Speed (1994) [DVD]
Perhaps I was still trying to get the nasty taste of A Good Day To Die Hard out of my mouth, but when I came across an old barebones DVD of this 1994 Keanu Reeves-starring action flick I thought I’d put it on, give it 20 minutes and see if it lived up to my memories. That fact that I was still watching when the end credits rolled two hours later gives you the vital clue as to the answer.

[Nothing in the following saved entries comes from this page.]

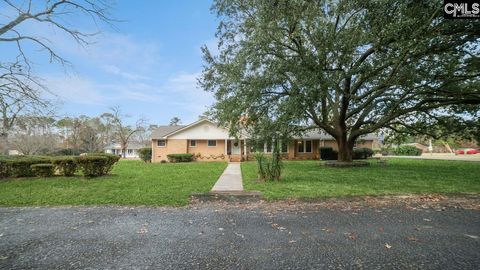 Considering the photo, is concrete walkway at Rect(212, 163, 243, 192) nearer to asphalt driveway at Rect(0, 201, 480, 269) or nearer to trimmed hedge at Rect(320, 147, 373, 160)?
asphalt driveway at Rect(0, 201, 480, 269)

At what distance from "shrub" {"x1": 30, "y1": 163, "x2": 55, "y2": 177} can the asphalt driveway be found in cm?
618

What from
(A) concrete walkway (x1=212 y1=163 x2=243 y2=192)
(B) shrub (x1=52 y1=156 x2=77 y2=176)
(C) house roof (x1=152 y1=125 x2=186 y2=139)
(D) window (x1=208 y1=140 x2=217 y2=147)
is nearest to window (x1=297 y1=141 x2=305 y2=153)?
(D) window (x1=208 y1=140 x2=217 y2=147)

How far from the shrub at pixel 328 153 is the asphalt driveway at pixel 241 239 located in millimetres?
22311

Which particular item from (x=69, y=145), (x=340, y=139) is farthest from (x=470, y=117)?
(x=69, y=145)

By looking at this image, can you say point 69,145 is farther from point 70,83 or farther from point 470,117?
point 470,117

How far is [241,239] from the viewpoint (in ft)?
14.2

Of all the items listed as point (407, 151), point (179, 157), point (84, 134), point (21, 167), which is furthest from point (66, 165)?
point (407, 151)

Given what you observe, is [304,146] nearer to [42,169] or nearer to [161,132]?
[161,132]

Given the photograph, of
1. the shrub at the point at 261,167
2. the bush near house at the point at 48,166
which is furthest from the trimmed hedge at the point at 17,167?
the shrub at the point at 261,167

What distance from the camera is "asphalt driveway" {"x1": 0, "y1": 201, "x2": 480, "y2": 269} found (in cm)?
349

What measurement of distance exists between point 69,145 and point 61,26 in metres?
44.2

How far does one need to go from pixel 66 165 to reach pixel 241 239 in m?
10.9

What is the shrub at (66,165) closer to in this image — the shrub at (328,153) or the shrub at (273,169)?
the shrub at (273,169)

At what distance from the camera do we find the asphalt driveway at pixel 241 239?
11.4 ft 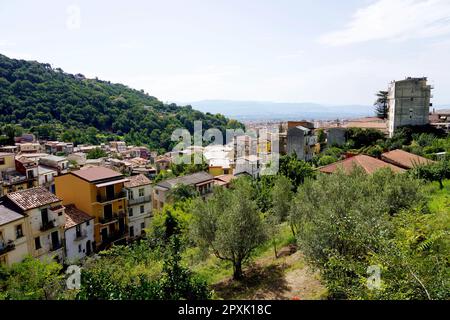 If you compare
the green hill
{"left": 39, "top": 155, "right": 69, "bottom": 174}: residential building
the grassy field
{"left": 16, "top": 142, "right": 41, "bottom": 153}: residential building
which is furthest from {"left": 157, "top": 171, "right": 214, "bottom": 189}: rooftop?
the green hill

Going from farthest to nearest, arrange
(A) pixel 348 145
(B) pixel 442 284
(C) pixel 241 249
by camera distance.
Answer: (A) pixel 348 145, (C) pixel 241 249, (B) pixel 442 284

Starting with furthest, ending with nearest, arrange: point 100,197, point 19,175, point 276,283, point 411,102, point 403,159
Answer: point 411,102
point 19,175
point 403,159
point 100,197
point 276,283

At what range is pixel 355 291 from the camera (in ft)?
21.0

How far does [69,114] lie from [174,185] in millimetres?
85312

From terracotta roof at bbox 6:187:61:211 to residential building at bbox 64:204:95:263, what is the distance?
269cm

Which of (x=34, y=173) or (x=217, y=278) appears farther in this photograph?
(x=34, y=173)

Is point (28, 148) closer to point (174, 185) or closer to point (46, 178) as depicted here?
point (46, 178)

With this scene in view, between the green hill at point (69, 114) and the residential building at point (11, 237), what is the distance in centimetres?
7658

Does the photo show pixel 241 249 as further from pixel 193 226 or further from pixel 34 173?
pixel 34 173

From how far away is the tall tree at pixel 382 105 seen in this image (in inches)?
2457

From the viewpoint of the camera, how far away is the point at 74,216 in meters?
24.5

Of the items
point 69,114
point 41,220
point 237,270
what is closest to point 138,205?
point 41,220

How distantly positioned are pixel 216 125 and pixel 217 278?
112577mm

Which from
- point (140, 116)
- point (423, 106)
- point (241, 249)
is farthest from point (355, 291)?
point (140, 116) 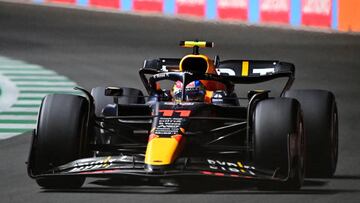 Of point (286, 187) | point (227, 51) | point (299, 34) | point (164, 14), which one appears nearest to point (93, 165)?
point (286, 187)

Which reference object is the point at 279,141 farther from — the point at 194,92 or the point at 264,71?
the point at 264,71

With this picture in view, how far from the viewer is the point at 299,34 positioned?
2852 centimetres

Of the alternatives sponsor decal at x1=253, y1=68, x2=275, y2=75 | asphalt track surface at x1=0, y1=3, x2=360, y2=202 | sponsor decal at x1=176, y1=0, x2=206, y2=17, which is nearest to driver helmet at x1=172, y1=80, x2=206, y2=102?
asphalt track surface at x1=0, y1=3, x2=360, y2=202

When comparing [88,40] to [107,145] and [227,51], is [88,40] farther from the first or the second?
[107,145]

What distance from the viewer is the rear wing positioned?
43.9 feet

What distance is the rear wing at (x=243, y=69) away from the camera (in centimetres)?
1337

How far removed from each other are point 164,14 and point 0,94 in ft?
40.1

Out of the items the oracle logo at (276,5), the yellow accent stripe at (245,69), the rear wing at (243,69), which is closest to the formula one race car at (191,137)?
the rear wing at (243,69)

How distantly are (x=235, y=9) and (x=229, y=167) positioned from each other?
776 inches

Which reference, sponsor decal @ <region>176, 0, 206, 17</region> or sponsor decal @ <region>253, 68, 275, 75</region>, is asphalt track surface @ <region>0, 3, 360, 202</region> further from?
sponsor decal @ <region>253, 68, 275, 75</region>

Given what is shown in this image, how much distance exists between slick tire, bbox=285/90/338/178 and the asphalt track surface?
7.6 inches

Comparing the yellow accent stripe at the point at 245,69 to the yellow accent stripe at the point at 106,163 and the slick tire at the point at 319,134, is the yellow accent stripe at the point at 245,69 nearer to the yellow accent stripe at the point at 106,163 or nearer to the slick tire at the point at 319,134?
the slick tire at the point at 319,134

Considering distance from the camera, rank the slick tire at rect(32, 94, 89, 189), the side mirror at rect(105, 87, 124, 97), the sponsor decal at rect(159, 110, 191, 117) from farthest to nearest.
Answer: the side mirror at rect(105, 87, 124, 97), the sponsor decal at rect(159, 110, 191, 117), the slick tire at rect(32, 94, 89, 189)

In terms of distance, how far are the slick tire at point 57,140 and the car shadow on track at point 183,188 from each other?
5.8 inches
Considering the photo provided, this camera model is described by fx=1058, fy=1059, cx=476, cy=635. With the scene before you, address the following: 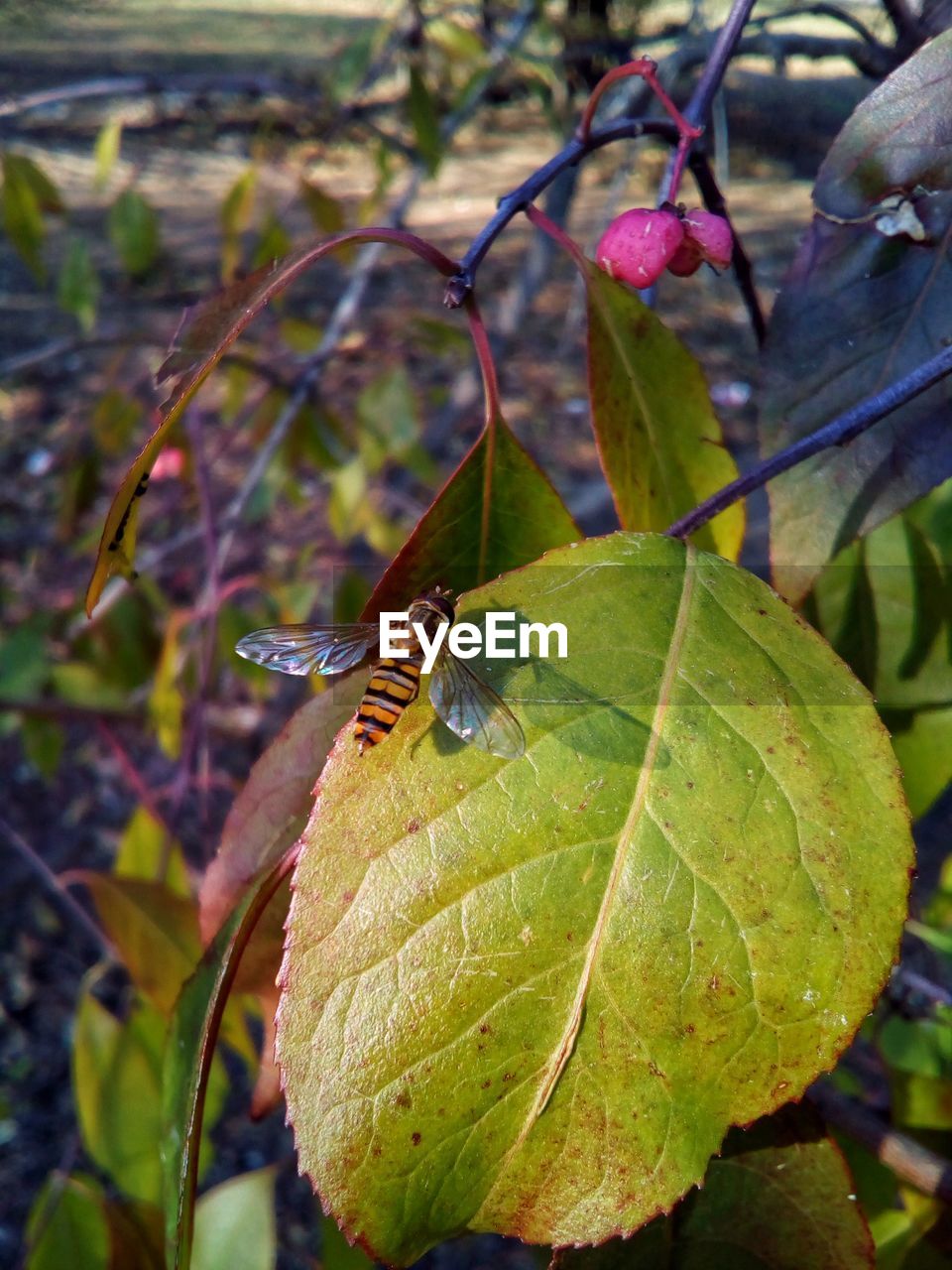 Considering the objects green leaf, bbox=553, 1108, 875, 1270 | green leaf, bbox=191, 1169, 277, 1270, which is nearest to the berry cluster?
green leaf, bbox=553, 1108, 875, 1270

Despite the laughably dumb premise (there’s a bomb on board a Los Angeles municipal bus that will go off if its speed drops below 50mph) this Jan De Bont-directed film keeps the plates spinning for the entire running time and never lets off, amping up the tension while also delivering some believable characters whether they be likeable ones such as Jeff Daniels as Harry, Joe Morton as Mac and Sandra Bullock as Annie, or flawed ones like the motley crew of bus passengers that include a young Alan Ruck.
At heart, and rather like the original Die Hard, this is still very much a two-hander with Keanu Reeves the good guy playing off Dennis Hopper’s mad bomber with almost all their interaction taking place over phones and radios. Reeves is often dismissed as an actor but here he does a good job in playing a high-risk daredevil SWAT officer; it’s hard not to smile when Hopper taunts him about ‘not being the brains of the operation’. Hopper meanwhile initially looks like he is wondering how he wandered into this piece of trash but ends up looking like he’s actually thoroughly enjoying the whole affair – which pretty much echoes the feelings of the audience who is similarly will come in expecting something very dumb and then be surprised when it wins them over and impresses them instead.
Although there’s a lot of heavy duty firepower on show here, and lots of things do blow up (one explosion in particular looks as though it might have been rather bigger than the filmmakers themselves were expecting) its notable that nothing here is solved by the good guys coming in with guns blazing – in fact that’s a good way that they get themselves killed. In this film it’s all about outsmarting the opposition, and it’s accordingly a smart script that allows everyone to do this in a believable manner throughout.
Only when the bus is required to jump 50 feet through the air, and another sequence with a subway train crashing, do things really ever falter even slightly. But the film’s going so fast by that point that the momentum of Speed alone will carry you through to a satisfyingly breathless finale that works every bit as well today as it did on first release nearly 20 years ago.
(PS – Don’t touch the sequel with a barge pole.)
Speed is available on DVD and Blu-ray.